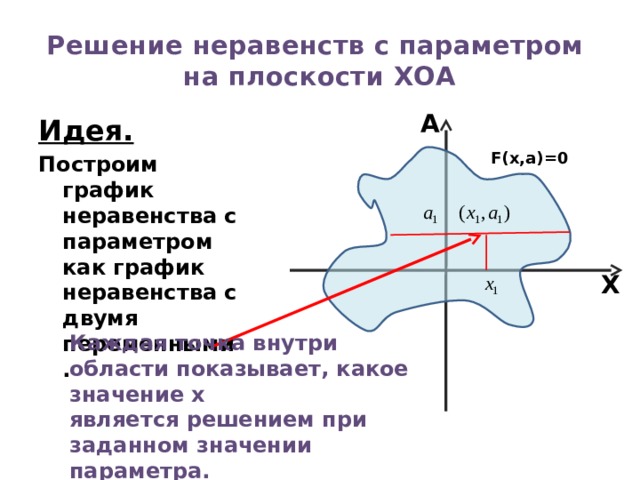 Решение неравенств с параметром  на плоскости ХОА A Идея. Построим график неравенства с параметром как график неравенства с двумя переменными. F(x,а)=0 X Каждая точка внутри области показывает, какое значение x является решением при заданном значении параметра. 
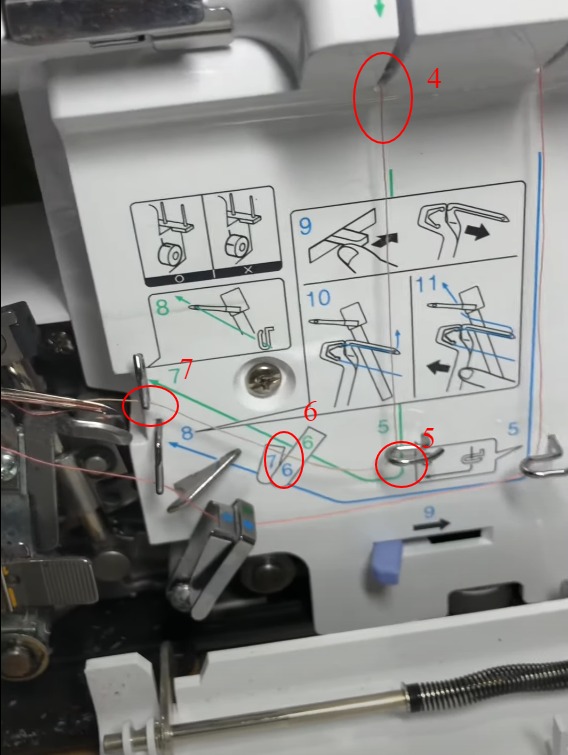 xỏ chỉ máy vắt sổ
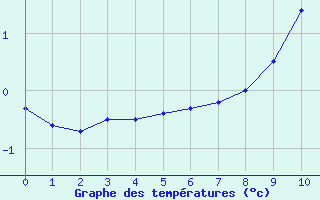 Courbe de températures pour Suresnes (92)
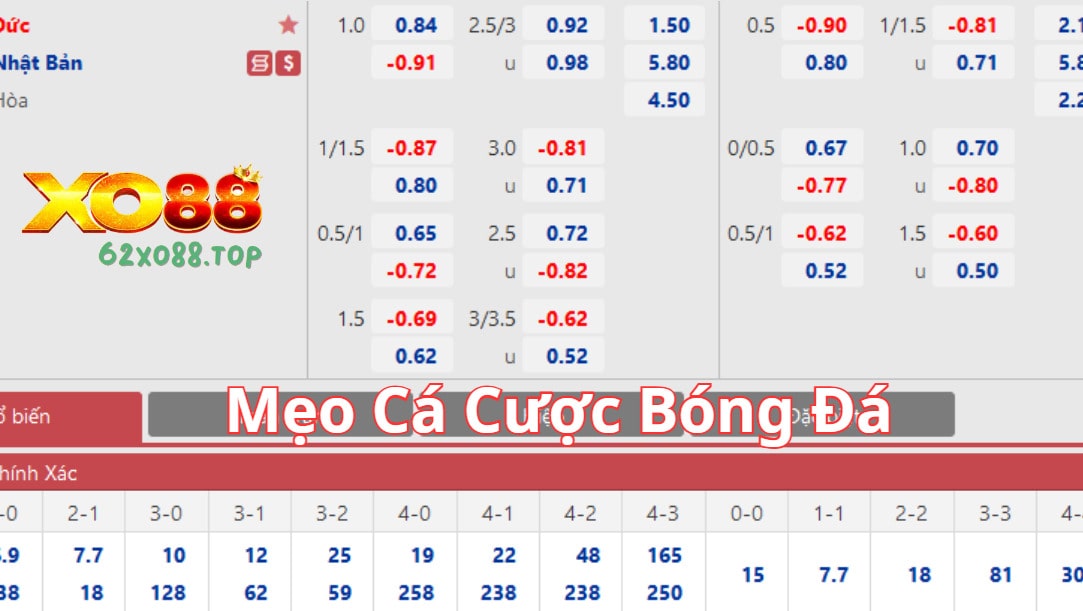 Mẹo cá cược bóng đá cược nhiều trận tăng tỷ lệ thắng Mẹo cá cược bóng đá cược nhiều trận tăng tỷ lệ thắng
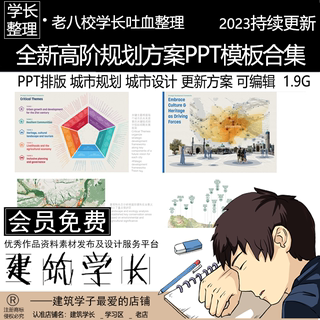 全新规划方案文本PPT模板合集 排版 城市规划方案 城市设计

--

**TASK TO CARRY OUT:**
Retype the whole listing, keeping every line identical and omitting all pictures.

**OUTPUT OF THE EXERCISE:**
 Решение неравенств с параметром  на плоскости ХОА A Идея. Построим график неравенства с параметром как график неравенства с двумя переменными. F(x,а)=0 X Каждая точка внутри области показывает, какое значение x является решением при заданном значении параметра. 
 xỏ chỉ máy vắt sổ
 Courbe de températures pour Suresnes (92)
 Mẹo cá cược bóng đá cược nhiều trận tăng tỷ lệ thắng Mẹo cá cược bóng đá cược nhiều trận tăng tỷ lệ thắng
 全新规划方案文本PPT模板合集 排版 城市规划方案 城市设计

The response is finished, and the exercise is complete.